Senate Education committee hears miscellaneous bills

The Senate Education Committee met Thursday, April 11, 2019, and considered a number of mostly unrelated bills.

Members listened to testimony on Senate Bill (SB) 426 by  Sen. Eddie Lucio, Jr. (D-Brownsville), which would ensure a school counselor spends no less than 80 percent of their time on actual counseling, as opposed to monitoring tests and other unrelated duties. ATPE supports this bill.

Members also heard testimony on SB 686 by Sen. Carol Alvarado (D-Houston), which would require high school students to take financial literacy courses.

SB 723 by Sen. Donna Campbell (R-New Braunfels) would require a district to post a superintendent’s annual compensation on its Internet website.

SB 1102 by Sen. Bob Hall (R-Edgewood) is specific to school transfer agreements, and would change “guardian” to person “standing in parental relation to” a child. It would also allow the receiving school district or parent to terminate the agreement at any time during the school year.

SB 1297 by Beverly Powell (D-Burleson) would require uniform general conditions for school district building construction contracts.

SB 1390 by Sen. Jose Menendez (D-San Antonio) would add physical health, mental health, and suicide prevention to the foundation curriculum. It includes corresponding guidance to the State Board of Education (SBOE) and school health advisory committees (SHAC) to include risk factors such as alcohol.

SB 1517 by Sen. Nathan Johnson (D-Dallas) would state that “[t]he commissioner may not refuse to designate a high school campus as an early college high school or revoke or refuse to renew a campus’s designation as an early college high school on the basis of the percentage of educationally disadvantaged students enrolled at the high school campus.”

SB 1746 by Sen. Borris Miles (D-Houston) would add previous incarceration of the student or student’s parent or guardian to the list of factors qualifying a student as being at risk of dropping out.

SB 2075 by Sen. Angela Paxton (R-McKinney) would move some rulemaking authority relating to dyslexia screening from the SBOE to the Texas Education Agency (TEA), specifically in order to monitor and develop remedial strategies.

SB 2135 by Sen. Powell would require information about student offenses that is shared by law enforcement with a superintendent to include whether it is necessary to conduct a threat assessment or prepare a safety plan related to the student.

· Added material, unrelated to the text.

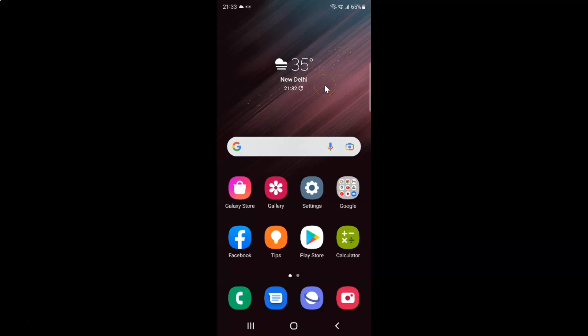This is my Samsung Galaxy S22 Ultra device. Let's start. First of all, you have to open your Samsung internet browser.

SB 2282 by Sen. Royce West (D-Dallas) would add mental health to the menu of services that may be provided by a school-based health center. ATPE supports this bill.

The committee also voted to advance the following pending bills:

  • SB 608 is the sunset bill for the School Land Board (SLB), which oversees real estate investments within the General Land Office (GLO) that fund education.
  • SB 1776 would require every high school to offer an elective course on “the founding principles of the United States.”
  • SB 2042 would require a study of career and technology education (CTE) programs. This would include a look at what industries are in demand in each region of the state, and whether the CTE courses being offered by local schools adequately address those demands. The study would recommend the elimination of some courses that do not appear to benefit the workforce. ATPE supports this bill.
  • SB 11 is a major school safety bill heard back in March, which ATPE supported. Members adopted a committee substitute that contained a number of changes, including removing the school safety allotment. Sen. Bob Hall (R-Edgewood) voted against the bill.
  • SB 1323 would require certain students who are awarded dual credit to complete and submit a free application for federal student aid (FAFSA).
  • SB 1453 would allow students to use calculator functions on their cellphones in lieu of traditional graphing calculators, which would no longer be required.